## [TASK DIRECTIONS]
Below are several records. Retype exactly those lines running from the one with "Rochers sur la plage" through the one with "1772 Regent Street Property Photo 6", end lines included, and no others.

(Data extracted from a collection)
**********
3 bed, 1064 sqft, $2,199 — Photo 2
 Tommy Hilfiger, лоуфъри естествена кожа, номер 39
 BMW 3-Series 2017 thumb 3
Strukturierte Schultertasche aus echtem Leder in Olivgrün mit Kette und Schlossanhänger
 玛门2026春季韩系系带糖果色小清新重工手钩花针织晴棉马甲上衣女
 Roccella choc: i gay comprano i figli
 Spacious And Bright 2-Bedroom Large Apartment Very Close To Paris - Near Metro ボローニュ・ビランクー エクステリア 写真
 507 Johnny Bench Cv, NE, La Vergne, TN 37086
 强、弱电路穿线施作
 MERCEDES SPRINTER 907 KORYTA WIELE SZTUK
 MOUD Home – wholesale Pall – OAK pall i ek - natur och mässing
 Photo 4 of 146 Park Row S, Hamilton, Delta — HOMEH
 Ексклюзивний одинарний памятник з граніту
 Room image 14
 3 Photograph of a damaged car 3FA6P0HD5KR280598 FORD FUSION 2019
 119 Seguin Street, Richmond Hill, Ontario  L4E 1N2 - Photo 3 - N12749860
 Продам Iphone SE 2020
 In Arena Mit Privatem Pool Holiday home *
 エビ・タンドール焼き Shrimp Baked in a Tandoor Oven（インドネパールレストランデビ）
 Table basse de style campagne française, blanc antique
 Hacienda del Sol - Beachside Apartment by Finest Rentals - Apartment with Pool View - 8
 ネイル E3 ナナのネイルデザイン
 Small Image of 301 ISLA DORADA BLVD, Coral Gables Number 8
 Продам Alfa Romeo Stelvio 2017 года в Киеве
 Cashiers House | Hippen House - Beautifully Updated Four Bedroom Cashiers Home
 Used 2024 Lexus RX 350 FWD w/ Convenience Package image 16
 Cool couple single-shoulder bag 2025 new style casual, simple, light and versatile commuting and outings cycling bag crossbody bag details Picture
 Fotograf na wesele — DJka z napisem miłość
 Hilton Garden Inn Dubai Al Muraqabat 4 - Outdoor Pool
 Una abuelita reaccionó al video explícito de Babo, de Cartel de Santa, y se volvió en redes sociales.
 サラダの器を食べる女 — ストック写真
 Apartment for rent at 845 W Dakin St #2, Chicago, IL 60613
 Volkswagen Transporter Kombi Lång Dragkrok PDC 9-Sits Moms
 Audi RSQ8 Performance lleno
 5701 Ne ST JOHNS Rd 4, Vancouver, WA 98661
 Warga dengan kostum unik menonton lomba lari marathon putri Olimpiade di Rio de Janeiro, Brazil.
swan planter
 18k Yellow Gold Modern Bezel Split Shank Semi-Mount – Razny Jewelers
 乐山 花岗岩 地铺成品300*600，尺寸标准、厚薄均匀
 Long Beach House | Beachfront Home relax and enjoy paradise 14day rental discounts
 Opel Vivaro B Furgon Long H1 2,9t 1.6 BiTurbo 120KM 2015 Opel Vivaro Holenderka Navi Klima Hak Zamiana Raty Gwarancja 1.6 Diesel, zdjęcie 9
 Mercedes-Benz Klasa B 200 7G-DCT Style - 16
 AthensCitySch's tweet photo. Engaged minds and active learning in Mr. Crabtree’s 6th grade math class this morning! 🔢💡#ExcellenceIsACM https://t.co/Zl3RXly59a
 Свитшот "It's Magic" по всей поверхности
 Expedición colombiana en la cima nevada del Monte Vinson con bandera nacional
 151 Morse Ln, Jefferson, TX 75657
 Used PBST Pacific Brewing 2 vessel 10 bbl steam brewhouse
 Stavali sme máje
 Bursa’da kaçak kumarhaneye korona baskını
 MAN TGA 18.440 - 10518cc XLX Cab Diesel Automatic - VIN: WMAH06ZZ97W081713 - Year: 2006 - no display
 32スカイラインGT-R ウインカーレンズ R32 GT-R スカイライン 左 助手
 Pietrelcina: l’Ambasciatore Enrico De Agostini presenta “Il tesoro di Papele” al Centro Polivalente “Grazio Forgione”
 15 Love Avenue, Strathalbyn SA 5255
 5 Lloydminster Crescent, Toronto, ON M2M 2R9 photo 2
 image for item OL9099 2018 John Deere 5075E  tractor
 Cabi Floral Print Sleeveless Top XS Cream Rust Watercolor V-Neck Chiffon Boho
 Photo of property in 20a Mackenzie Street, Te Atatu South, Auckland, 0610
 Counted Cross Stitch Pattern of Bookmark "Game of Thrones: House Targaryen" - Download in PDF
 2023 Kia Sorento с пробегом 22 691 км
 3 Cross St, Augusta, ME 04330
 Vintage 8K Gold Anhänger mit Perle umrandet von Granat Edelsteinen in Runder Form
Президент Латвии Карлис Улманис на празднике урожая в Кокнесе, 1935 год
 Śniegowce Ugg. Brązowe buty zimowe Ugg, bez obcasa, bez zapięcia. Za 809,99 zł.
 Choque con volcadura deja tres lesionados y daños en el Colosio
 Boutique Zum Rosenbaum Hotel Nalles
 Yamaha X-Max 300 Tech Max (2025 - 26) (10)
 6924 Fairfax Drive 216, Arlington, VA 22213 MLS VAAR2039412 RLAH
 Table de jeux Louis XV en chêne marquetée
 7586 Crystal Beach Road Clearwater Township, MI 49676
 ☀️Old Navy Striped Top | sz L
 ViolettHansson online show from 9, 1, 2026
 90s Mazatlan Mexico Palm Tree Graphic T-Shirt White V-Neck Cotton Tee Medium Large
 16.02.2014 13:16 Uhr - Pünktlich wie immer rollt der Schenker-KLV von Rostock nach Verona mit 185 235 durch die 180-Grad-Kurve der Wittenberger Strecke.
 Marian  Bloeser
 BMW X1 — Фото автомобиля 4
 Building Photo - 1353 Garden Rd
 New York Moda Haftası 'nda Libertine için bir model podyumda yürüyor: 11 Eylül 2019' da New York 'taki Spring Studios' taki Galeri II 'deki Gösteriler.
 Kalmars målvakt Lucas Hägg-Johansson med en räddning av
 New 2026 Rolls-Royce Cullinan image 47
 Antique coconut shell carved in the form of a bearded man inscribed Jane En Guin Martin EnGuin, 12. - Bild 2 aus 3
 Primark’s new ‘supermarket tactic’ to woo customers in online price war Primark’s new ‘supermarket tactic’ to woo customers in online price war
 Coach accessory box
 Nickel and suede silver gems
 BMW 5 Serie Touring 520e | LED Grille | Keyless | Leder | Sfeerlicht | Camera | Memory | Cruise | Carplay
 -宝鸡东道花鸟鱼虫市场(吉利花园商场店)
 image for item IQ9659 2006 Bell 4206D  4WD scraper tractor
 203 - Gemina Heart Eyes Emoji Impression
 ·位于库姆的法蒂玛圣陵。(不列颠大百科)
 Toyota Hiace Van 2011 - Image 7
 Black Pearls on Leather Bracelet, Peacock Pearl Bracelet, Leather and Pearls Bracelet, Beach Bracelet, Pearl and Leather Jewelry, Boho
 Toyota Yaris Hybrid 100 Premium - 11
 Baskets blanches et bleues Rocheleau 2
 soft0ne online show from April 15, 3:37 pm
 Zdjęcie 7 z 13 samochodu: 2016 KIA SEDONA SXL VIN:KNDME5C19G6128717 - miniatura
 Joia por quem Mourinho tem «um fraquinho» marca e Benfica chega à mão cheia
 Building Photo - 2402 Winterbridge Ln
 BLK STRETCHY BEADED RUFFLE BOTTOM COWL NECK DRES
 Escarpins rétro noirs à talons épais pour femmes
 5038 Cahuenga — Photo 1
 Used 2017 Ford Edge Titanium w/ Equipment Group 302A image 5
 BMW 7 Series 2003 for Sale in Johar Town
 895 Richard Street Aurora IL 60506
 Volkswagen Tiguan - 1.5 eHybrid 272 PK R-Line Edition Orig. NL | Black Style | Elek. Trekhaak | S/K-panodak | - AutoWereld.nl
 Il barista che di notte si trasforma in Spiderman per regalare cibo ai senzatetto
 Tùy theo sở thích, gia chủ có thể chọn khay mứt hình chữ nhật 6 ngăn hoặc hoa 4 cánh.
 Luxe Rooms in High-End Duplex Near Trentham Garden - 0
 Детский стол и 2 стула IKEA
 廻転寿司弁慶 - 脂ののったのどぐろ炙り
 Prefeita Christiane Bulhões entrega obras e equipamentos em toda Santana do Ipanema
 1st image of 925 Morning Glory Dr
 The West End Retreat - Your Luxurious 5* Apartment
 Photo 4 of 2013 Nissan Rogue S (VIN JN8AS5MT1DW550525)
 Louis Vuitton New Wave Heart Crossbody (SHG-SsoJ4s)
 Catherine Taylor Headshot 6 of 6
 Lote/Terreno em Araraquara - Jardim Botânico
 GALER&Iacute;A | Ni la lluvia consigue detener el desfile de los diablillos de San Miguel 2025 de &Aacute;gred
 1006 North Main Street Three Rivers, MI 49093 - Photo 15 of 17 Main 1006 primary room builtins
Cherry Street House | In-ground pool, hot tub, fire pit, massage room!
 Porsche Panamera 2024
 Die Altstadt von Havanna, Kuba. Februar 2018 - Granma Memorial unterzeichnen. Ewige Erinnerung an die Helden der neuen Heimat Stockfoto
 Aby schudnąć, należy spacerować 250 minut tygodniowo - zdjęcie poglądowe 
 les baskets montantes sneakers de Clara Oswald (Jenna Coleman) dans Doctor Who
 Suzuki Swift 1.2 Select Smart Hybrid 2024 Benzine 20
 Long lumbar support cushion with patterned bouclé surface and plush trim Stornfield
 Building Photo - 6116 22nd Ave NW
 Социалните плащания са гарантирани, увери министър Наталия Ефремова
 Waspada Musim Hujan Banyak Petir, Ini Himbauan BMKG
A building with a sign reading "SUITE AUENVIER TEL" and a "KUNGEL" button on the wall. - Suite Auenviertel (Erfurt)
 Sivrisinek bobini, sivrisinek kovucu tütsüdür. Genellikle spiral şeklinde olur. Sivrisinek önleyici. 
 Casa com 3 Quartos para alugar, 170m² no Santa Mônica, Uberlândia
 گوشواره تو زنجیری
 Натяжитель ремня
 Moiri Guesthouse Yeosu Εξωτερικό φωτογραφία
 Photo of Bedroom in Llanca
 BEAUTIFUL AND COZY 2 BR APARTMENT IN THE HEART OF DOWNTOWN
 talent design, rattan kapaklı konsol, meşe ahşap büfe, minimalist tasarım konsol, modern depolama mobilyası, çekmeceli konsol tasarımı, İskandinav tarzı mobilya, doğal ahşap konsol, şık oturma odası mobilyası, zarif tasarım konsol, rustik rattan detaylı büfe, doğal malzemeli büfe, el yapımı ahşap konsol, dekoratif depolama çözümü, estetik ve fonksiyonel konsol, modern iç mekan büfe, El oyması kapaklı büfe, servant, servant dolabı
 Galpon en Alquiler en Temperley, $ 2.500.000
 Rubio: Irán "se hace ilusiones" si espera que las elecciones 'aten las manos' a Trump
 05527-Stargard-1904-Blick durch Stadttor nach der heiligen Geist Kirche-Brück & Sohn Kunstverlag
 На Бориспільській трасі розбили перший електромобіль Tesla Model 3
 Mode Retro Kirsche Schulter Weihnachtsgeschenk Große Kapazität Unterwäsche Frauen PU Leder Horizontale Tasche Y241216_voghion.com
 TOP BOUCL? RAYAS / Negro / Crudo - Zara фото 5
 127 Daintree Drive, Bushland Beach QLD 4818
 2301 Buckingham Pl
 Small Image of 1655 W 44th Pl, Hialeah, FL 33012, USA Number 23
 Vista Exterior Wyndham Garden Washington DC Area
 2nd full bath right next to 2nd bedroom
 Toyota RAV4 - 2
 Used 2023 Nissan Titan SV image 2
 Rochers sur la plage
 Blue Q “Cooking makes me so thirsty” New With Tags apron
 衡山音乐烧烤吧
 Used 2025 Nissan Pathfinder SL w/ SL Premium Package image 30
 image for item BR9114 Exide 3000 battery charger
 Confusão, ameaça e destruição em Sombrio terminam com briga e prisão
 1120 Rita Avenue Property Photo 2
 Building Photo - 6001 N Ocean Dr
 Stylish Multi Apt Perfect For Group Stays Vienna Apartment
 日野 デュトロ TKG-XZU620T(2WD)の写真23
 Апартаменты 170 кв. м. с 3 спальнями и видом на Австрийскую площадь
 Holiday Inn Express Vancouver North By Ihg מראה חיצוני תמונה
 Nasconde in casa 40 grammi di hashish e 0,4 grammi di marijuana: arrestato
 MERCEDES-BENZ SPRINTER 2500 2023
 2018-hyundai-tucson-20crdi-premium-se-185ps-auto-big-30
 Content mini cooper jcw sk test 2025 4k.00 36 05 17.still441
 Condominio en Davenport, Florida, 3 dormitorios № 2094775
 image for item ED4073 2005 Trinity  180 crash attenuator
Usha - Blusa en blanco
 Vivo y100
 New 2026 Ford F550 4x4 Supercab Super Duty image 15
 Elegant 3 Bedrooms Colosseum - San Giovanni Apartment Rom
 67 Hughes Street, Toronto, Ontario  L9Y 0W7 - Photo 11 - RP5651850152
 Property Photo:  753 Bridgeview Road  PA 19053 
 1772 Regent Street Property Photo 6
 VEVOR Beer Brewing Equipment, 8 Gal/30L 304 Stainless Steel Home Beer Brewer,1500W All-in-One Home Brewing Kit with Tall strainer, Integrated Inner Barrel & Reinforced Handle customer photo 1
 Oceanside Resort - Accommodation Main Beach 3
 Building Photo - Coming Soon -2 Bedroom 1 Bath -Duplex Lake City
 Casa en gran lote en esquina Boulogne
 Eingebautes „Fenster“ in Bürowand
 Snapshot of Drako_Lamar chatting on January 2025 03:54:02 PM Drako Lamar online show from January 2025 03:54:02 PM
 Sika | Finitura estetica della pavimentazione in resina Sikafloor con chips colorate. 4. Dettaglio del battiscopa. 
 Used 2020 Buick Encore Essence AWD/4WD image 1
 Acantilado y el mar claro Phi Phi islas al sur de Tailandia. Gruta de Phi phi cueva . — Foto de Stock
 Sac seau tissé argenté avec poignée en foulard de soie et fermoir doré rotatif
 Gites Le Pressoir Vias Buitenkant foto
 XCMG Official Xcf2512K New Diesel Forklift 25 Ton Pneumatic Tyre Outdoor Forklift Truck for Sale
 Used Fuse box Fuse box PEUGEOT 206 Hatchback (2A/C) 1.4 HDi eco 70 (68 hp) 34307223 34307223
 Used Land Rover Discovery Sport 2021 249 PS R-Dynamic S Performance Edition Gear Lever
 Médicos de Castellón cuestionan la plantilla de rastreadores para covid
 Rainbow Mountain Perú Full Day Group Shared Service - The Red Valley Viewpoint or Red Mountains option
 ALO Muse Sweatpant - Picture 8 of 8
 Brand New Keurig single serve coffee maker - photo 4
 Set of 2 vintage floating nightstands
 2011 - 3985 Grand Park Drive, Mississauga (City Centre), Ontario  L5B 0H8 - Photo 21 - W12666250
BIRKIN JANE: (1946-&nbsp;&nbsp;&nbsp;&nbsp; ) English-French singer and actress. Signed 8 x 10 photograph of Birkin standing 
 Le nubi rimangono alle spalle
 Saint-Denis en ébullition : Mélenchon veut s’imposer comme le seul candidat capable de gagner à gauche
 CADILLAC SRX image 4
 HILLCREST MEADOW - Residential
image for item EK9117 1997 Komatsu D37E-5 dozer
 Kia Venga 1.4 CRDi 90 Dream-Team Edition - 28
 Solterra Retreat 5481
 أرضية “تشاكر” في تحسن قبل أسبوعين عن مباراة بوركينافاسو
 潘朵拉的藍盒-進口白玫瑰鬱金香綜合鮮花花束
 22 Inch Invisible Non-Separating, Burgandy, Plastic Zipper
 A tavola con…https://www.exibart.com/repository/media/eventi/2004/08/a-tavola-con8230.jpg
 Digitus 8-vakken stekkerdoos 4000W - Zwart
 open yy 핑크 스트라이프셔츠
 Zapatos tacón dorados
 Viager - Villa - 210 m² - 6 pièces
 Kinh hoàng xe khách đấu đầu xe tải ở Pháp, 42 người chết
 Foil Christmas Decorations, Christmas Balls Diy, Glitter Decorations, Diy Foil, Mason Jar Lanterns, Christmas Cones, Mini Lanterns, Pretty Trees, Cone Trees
**********
## [SOLUTION TO THIS EXERCISE]
 Rochers sur la plage
 Blue Q “Cooking makes me so thirsty” New With Tags apron
 衡山音乐烧烤吧
 Used 2025 Nissan Pathfinder SL w/ SL Premium Package image 30
 image for item BR9114 Exide 3000 battery charger
 Confusão, ameaça e destruição em Sombrio terminam com briga e prisão
 1120 Rita Avenue Property Photo 2
 Building Photo - 6001 N Ocean Dr
 Stylish Multi Apt Perfect For Group Stays Vienna Apartment
 日野 デュトロ TKG-XZU620T(2WD)の写真23
 Апартаменты 170 кв. м. с 3 спальнями и видом на Австрийскую площадь
 Holiday Inn Express Vancouver North By Ihg מראה חיצוני תמונה
 Nasconde in casa 40 grammi di hashish e 0,4 grammi di marijuana: arrestato
 MERCEDES-BENZ SPRINTER 2500 2023
 2018-hyundai-tucson-20crdi-premium-se-185ps-auto-big-30
 Content mini cooper jcw sk test 2025 4k.00 36 05 17.still441
 Condominio en Davenport, Florida, 3 dormitorios № 2094775
 image for item ED4073 2005 Trinity  180 crash attenuator
Usha - Blusa en blanco
 Vivo y100
 New 2026 Ford F550 4x4 Supercab Super Duty image 15
 Elegant 3 Bedrooms Colosseum - San Giovanni Apartment Rom
 67 Hughes Street, Toronto, Ontario  L9Y 0W7 - Photo 11 - RP5651850152
 Property Photo:  753 Bridgeview Road  PA 19053 
 1772 Regent Street Property Photo 6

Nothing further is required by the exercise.